Since direct challenges to Roe v. Wade have repeatedly been struck down by the Supreme Court, anti-abortionists have adopted the tactic of attacking procedures one-by-one. The D&X procedure is an easy target. It is infrequently used and lends itself to graphic depictions by anti-abortionists in now-famous cartoon drawings of the procedure sent to members of Congress. However, its alternative, dilation and evacuation (D&E), the typical abortion procedure performed in the first and second trimesters, is equally gruesome. In fact, the two procedures are so similar that the wording in the Nebraska law is vague enough to call into question whether D&E would be legal under the law, meaning that the law potentially bans any first or second trimester abortions. The Nebraska legislature actually voted down an amendment that would specifically ban D&X abortions instead of the vaguely worded "partial birth" abortion. The reason: Banning only the D&X procedure was not the intent of the bill's sponsors--the idea was to stop almost all abortions from being performed.

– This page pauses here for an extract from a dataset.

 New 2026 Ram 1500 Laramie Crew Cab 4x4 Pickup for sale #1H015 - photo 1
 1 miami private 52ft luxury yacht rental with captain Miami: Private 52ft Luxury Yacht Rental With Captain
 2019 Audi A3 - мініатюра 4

The Supreme Court should find clear precedent to reject the law on these grounds. Because "partial-birth" can describe both procedures, the Nebraska law clearly poses an "undue burden" upon women seeking abortions, a test the Supreme Court first applied in a ruling eight years ago on the constitutionality of limiting abortion procedures.

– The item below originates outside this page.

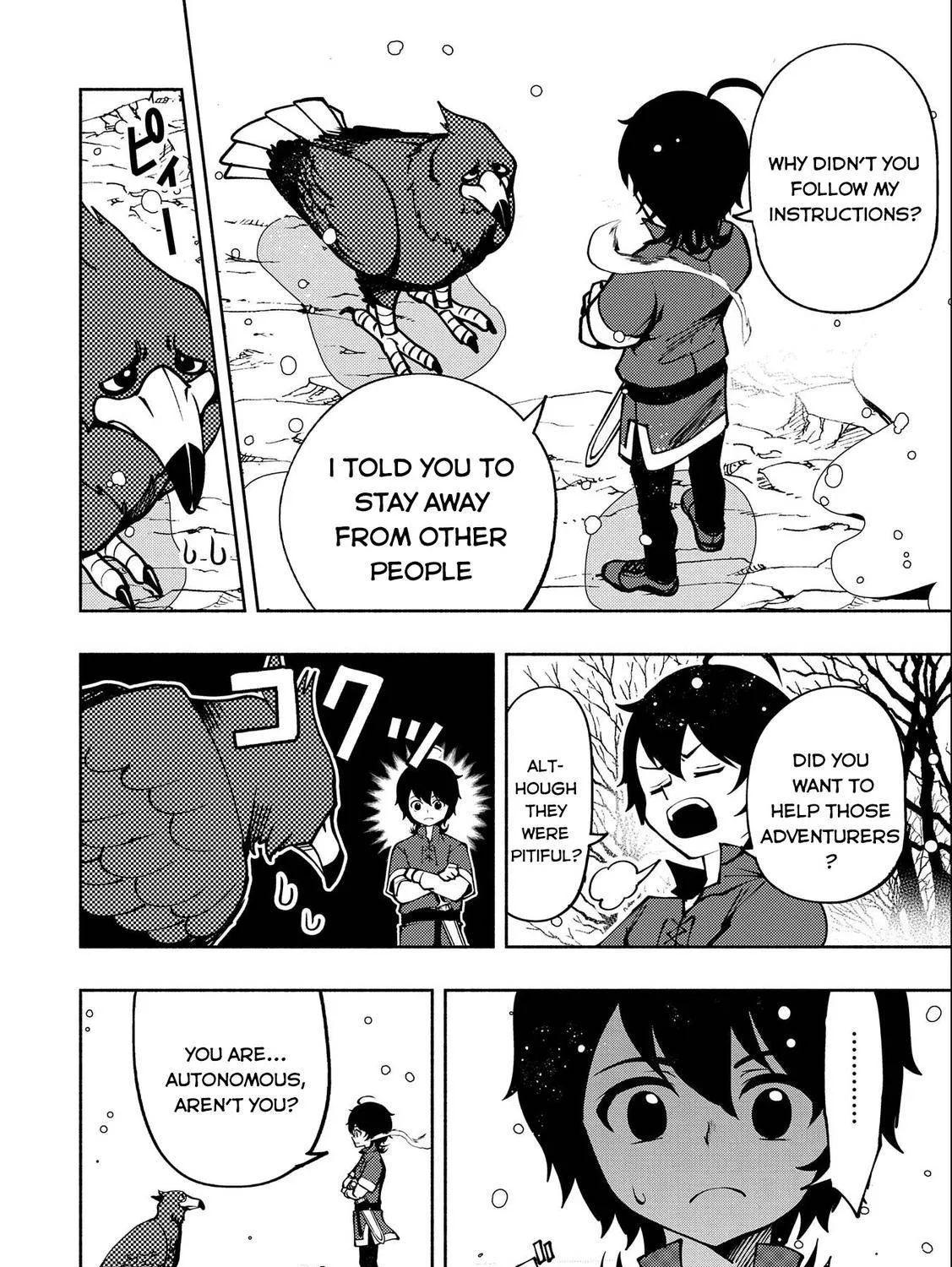 Hell Mode – Yarikomi Suki no Gamer wa Haisettei no Isekai de Musou Suru Chapter 6 page 52 -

While the Nebraska ban does allow the procedure when it would save a woman's life, it has no protections for a woman's health. Therefore, a doctor would be required to perform a potentially unsafe abortion if this procedure were banned. By failing to take into account this eventuality, the Nebraska law devalues the life, health and safety of women.
The Nebraska law is a good example of the "partial birth" abortion bans that have been passed by legislatures in 30 states. By striking down the Nebraska law the Supreme Court will be setting a precedent that both protects reproductive rights and discourages the passage of similar laws which attempt to ban procedure by procedure what cannot be banned constitutionally.